From The Associated Press
NEW YORK —
Stocks edged lower after a report that showed the U.S. economy unexpectedly contracted in the fourth quarter, putting the brakes on a January rally that has pushed stocks toward record levels.
The Dow Jones industrial average fell 23 points to 13,931 as of 2:40 p.m. EST. The Standard & Poor’s 500 fell 3 points to 1,505. The Nasdaq composite fell 4 points to 3,152.
The U.S. economy shrank from October through December for the first time since the recession ended, hurt by the biggest cut in defense spending in 40 years, fewer exports and sluggish growth in company stockpiles, the Commerce Department said Wednesday.
U.S. gross domestic product, the volume of all goods and services produced, contracted at an annual rate of 0.1 percent in the fourth quarter. That’s a sharp slowdown from the 3.1 percent growth rate in the July-September quarter.
“We have a negative print on GDP. To ignore this is folly,” said Doug Cote, chief market strategist at ING Investment Management. “Certainly, this market could continue to move forward, but ignoring the fundamentals is not something I’d counsel my clients to do.”
Positive company earnings reports helped offset the disappointing news about the economy.
Amazon jumped $13.49 to $273.70 after the world’s biggest online retailer showed improving profit margins when it posted fourth-quarter earnings late Tuesday.

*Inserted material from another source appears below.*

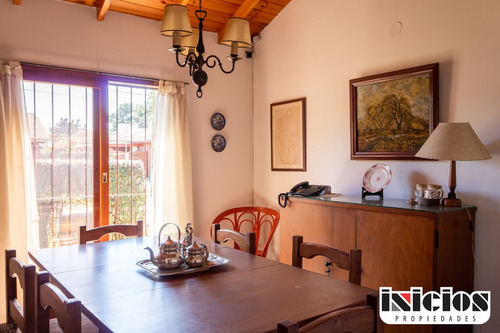 Casa Sola En Lote: Santiago Del Estero Nº 395 - Mar De Ajó - C755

Boeing, currently scrambling to fix battery problems that have grounded its 787 Dreamliner planes, gained 88 cents to $74.53 after it reported earnings that beat analysts’ expectations. Rising profits from commercial jets offset a smaller profit from defense work.

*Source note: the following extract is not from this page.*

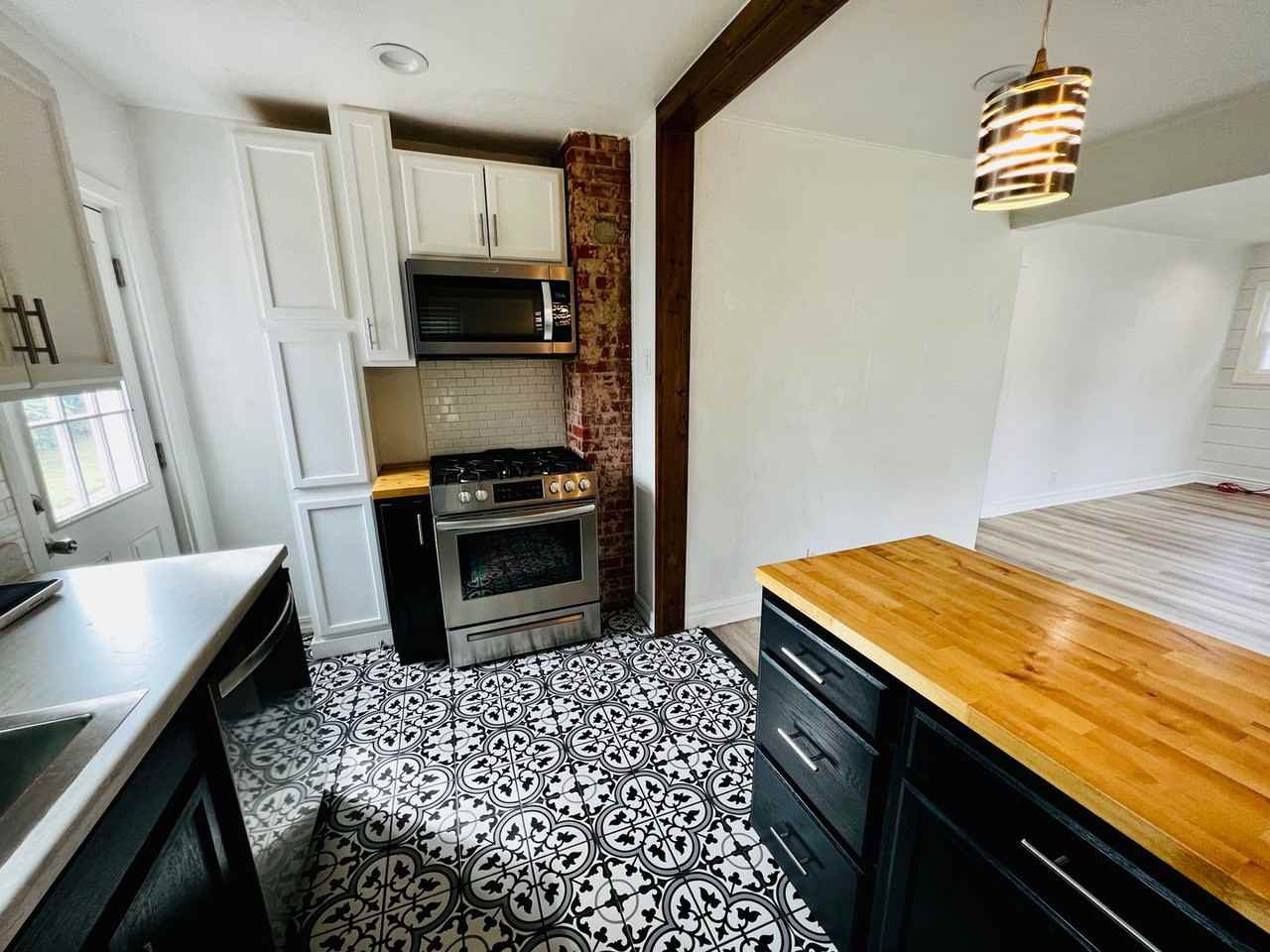 2416 Northwest 38th Street - Photo 2 of 11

The Dow Jones average has surged 6.3 percent since the start of the year, climbing close to 14,000 and within touching distance of its record level. Investors bought stocks after lawmakers reached a deal to avoid the “fiscal cliff” and on optimism the U.S. housing market is recovering and the jobs market is slowly healing.
A private survey showed Wednesday that U.S. businesses increased hiring in January compared with a revised December reading. Payroll processor ADP said Wednesday that employers added 192,000 jobs in January.
Stocks stayed lower immediately after the Federal Reserve released its statement following the end of its two-day policy meeting.
The central bank took no action following the meeting and is standing behind its aggressive steps to try to reduce unemployment. The Fed said growth “paused” in recent months and reaffirmed its commitment to boost a sluggish U.S. economy by keeping borrowing costs low for the foreseeable future.
“They did exactly what they were supposed to do, that is not say anything that deviated from what everyone wanted to hear,” said JJ Kinahan, chief derivatives strategist at TD Ameritrade.
Investors will now turn their focus back on to company earnings and Friday’s nonfarm employment report, Kinahan said.
The yield on the 10-year Treasury note, which moves inversely to its price, climbed 2 basis points to 2.02 percent.
Among other stocks making big moves Wednesday:
— Chesapeake Energy rose $1.43 to $20.40 after the company said late Tuesday that its embattled CEO Aubrey McClendon will leave the company this spring.
— Avery Dennison, a packing materials company, rose $2.16 to $38.30 after it posted fourth-quarter earnings that beat analysts’ expectations and said it was selling two of its business units to CCL industries for $500 million. The company will use the proceeds of the sale to buy back stock and make additional pension contributions.
— Copano Energy, a natural energy company, rose $4.93 to $38.05 after the company said that it had agreed to be acquired by Kinder Morgan Energy Partners for about $3.2 billion in stock.
— MeadWestvaco, a packaging company, fell $1.38 to $31.55 after the company reported earnings that fell short of analysts’ expectations.